Não há explicação possível. Os Estados Unidos e seu sócio inarredável, Israel, são os que finalmente ficam com o controle da zona mais rica em petróleo, a maior produtora de alimentos, e com o melhor clima mediterrâneo, entre outras maravilhas, como o Banco Central que criaram os mercenários e seus chefes em 29 de março de 2011 em Benghazi, para poder continuar negociando o petróleo. Foi o primeiro Banco Central no mundo criado por supostos “rebeldes” esfarrapados, como diziam, quando ainda não tinham podido liberar nenhuma zona na Líbia.

Até agora ninguém conhece os nomes desses supostos líderes tribais que mencionam, aprovando a "independência" de Benghazi, e em que circunstâncias se dispuseram para esta desintegração com a cumplicidade da ONU. Uma tragédia sobre a tragédia. Alguns analistas começam a se perguntar como se resolverá este problema político-regional "para o Conselho Nacional de Transição (CNT) que governa a Líbia" desde o assassinato de Kadafi.

Esse CNT, que é em realidade um governo títere do poder colonial, se opôs não obstante à criação de uma região oriental, advertindo sobre a desintegração do país. Deveriam ter imaginado que o envio de 12 mil soldados estadunidenses teria algum objetivo específico, mas nesse caos e anarquia que impera na "nova Líbia" as contradições são cada vez mais profundas e violentas. Seus chefes na guerra os deixaram flutuando sobre as areias do deserto. É possível que agora lhes joguem a corda "salvadora" de converter Trípoli na sede do Comando dos Estados Unidos para África (AFRICOM).

Mas nesta tragédia, neste genocídio sobre genocídio, que a comunidade internacional amparou com o seu silêncio, o povo líbio tem perdido tudo. É um povo abandonado à sua sorte, sem nenhuma proteção, ao que agora lhe roubam seu próprio território. O silêncio sobre o sucedido na Líbia, mortes e desaparições de milhares de pessoas, destruição de uma avançada infraestrutura, de moradias gratuitas, hospitais, escolas e universidades, e grandes avanços em outros aspectos é verdadeiramente aterrador. Esses crimes de lesa-humanidade cometidos sob o manto de "invasões humanitárias", ao ficar impunes, são aplicáveis quase de imediato a outros países. É o que está ocorrendo na Síria, o mesmo modelo de destruição e morte.

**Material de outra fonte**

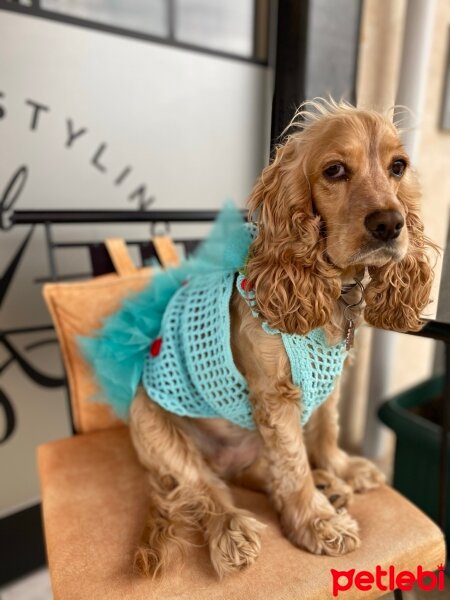 İngiliz Cocker Spaniel, Köpek  Lülü fotoğrafı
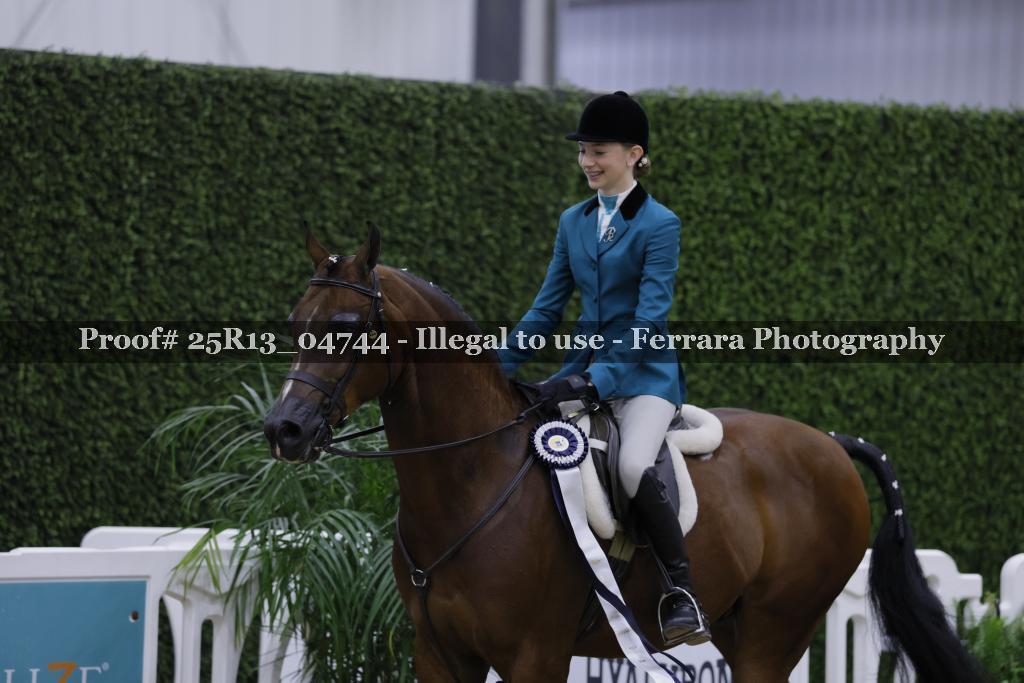 Proof 25R13_04744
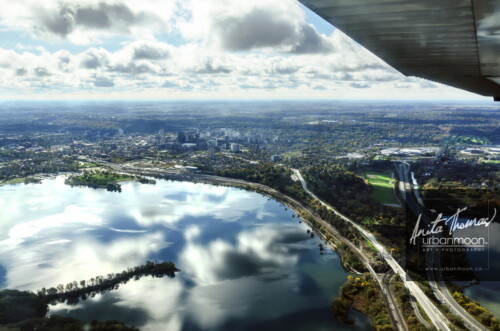 Aerial photography - Cessna 172 flying over Cootes Paradise in Hamilton, Ontario during autumn.
(C)Anita Thomas All Rights Reserved. aerial of cootes paradise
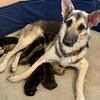 Rescued German Shepard gave birth to 8 very healthy puppies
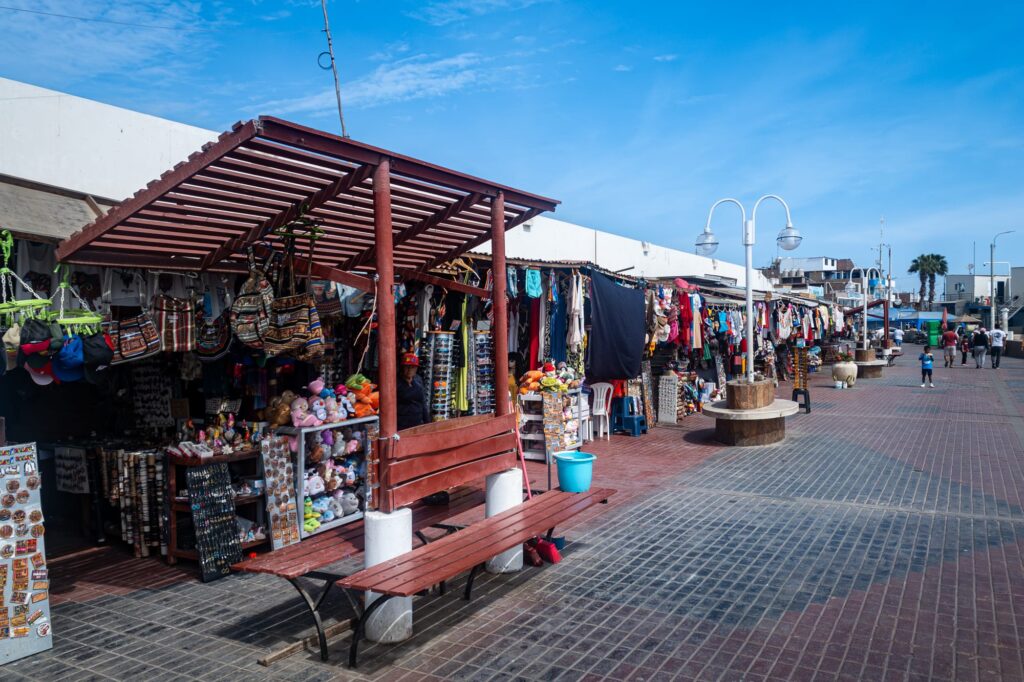 Paracas 2024 1006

A mesma matriz e o mesmo silêncio. A comunidade internacional continuará sendo cúmplice do crime? Continuarão chamando invasão humanitária a esse modelo tão perversamente tosco e tão certeiramente criminoso, dos novos traçados contra-insurgentes do século XXI? E na Europa, como lhe explicarão os governantes a seus povos que fizeram semelhantes gastos de guerra, que ajudaram indiscutivelmente à crise que os afeta, para ficar fora desse jogo, maldito, de genocídios por recursos, e traições pelo controle do mundo que ninguém poderá sustentar indefinidamente?